The governor, according to a statement by his Chief Press Secretary, Idowu Adelusi, spoke during the Agenda for the Treasury Board meeting held as part of preparation for the 2016 Budget.
According to Punch, He said, “Today, most newspapers carried the story about the call by some state governors that the minimum wage of N18,000 be reduced or that there should be massive retrenchment of workers in the public service. They are on their own and I take exception to that. The minimum wage is even not enough.

“Reduction of wages or retrenchment of workers won’t happen in Ekiti State. Instead of those anti-labour and anti-people policies, the governors should cut down on their travels and tours and cut down on their minimum wives children and affluence. Let the governors cut their coats according to their sizes.

“Why are they changing the goal post when the match has started? It is an APC agenda; they are in the majority. When they were campaigning, there were indices of the looming economic challenges then, why did they not use that to campaign and see if people would vote for them?”

Despite the low allocations coming to the state, the governor said, “I won’t do that (sack).

“They (APC) should have told Nigerians then that the economy was bad and that they would sack workers and reduce their salaries while campaigning and see if they would win. They cannot just change the rules midway.

“If you sack somebody, it is like cutting down a tree. The person sacked has dependants and himself to cater for. If the government is owing, it is better. It will be on record that the government is owing and when the economy improves, we can then pay the workers rather than sacking them and sending them into the labour market. It is not my agenda to sack workers. Despite the low allocations coming to Ekiti State, I won’t do that,” he said.

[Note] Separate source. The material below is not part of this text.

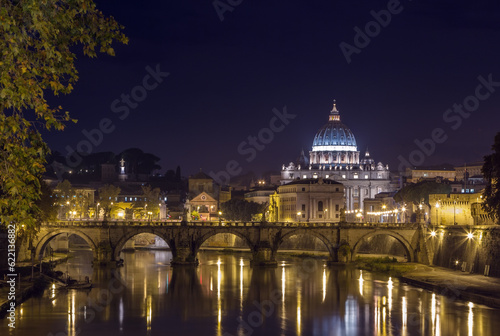 view of Ponte Vittorio Emanuele II and St. Peter's Basilica in evening, Rome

Meanwhile, some teachers in Ekiti have asked Governor Ayodele Fayose to probe the office of the Accountant General for alleged deduction of extra N44m from their monthly salaries to service loans they borrowed from a bank.

In a petition dated December 2, 2015 and signed by their lawyer, Barrister A.O. Adebayo, they alleged that a first generation bank had continued to ‘continually and illegally’ deduct from their salaries a loan they had completed repayment since November, 2014.

In the petition titled, “Refusal to stop illegal deductions from the monthly salaries of some employees of the Teaching Service Commission, Ekiti State,” the teachers lamented that the deductions had been affecting their welfare and subjecting their families to unwarranted suffering.

They threatened to send a copy of their petition to the Economic and Financial Crimes Commission, if nothing substantially was done to halt the deductions as soon as possible.

The petition explained that the teachers brokered a loan deal in 2011 with a cooperative society, which facilitated a loan from the bank while the Teaching Service Commission was approached to make unbroken repayment through deductions from their monthly salaries.